The M-50–Sandstone Creek Bridge, also known as th Tompkins Bridge, is a road bridge carrying M-50 over Sandstone Creek in Tompkins Township, Michigan, United States. It was listed on the National Register of Historic Places in 2000.

==History==
In the early 1900s, what was then Clinton Road followed the route of what is now M-50. The road was incorporated into the Michigan State Trunkline Highway System in the 1910s, with a 62 ft, pin-connected, Pratt pony truss bridge carrying the road over Sandstone Creek. In the 1920s, this bridge was deemed inadequate, and in 1927 the Michigan State Highway Department contracted with Walter Toebe and Company of Shingleton, Michigan, to construct a replacement bridge. The Wisconsin Bridge and Iron Company of Milwaukee was hired to deliver the structural steel. Modern metal guardrails were later added along the inner faces of the railings, but the bridge still carries traffic along M-50.

==Description==
The M-50–Sandstone Creek Bridge is a steel deck, plate girder bridge with a 65 ft span.
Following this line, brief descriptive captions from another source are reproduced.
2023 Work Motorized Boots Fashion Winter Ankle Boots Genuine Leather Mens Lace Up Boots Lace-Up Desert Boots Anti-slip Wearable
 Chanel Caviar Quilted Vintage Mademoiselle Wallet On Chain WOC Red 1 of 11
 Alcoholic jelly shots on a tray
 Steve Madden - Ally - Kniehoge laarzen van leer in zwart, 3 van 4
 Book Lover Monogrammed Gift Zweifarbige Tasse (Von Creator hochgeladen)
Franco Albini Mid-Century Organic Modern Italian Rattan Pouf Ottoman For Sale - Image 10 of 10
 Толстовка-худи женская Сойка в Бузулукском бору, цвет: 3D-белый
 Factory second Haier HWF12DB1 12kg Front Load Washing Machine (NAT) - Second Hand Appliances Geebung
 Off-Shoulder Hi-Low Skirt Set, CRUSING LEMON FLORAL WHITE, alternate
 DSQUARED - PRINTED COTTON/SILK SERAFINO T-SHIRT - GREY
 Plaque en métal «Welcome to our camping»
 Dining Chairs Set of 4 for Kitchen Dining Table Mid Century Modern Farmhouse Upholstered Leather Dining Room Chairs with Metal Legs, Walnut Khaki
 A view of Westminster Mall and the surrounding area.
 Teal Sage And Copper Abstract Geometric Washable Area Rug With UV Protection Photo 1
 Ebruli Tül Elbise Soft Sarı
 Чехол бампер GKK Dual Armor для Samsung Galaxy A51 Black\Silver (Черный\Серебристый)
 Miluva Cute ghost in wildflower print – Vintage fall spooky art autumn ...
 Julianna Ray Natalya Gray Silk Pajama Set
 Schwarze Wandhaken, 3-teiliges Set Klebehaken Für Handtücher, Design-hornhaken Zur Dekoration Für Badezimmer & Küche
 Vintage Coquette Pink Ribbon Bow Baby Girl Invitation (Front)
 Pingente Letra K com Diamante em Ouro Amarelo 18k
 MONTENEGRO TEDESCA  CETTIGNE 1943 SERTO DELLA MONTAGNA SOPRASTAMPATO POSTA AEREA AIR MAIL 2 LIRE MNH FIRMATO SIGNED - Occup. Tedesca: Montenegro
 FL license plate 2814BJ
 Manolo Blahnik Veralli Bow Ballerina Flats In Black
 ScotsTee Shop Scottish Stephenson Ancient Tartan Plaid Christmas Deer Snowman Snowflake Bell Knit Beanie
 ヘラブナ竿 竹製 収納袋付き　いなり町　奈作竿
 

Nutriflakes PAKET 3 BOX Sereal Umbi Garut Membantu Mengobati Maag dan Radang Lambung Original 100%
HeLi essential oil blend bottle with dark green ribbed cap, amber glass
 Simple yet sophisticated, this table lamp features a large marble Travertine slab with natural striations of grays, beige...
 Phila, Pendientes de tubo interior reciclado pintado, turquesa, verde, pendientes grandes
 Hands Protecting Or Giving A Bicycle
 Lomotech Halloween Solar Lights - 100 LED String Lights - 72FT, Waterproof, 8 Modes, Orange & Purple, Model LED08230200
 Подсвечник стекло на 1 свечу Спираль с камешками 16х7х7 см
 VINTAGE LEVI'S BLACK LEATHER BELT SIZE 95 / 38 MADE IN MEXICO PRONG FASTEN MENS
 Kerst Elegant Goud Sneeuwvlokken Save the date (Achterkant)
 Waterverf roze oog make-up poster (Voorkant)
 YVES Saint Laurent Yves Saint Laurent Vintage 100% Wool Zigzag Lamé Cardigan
It has a 36.4 ft concrete deck with a two-lane, 30 ft roadway. The deck is supported by nine concrete-encased plate girders. The bridge has concrete parapet railings, ornamented with recessed panels along the inner and outer faces. Modern metal guardrails are bolted along the inner railing faces. It has a substructure of concrete abutments and wingwalls.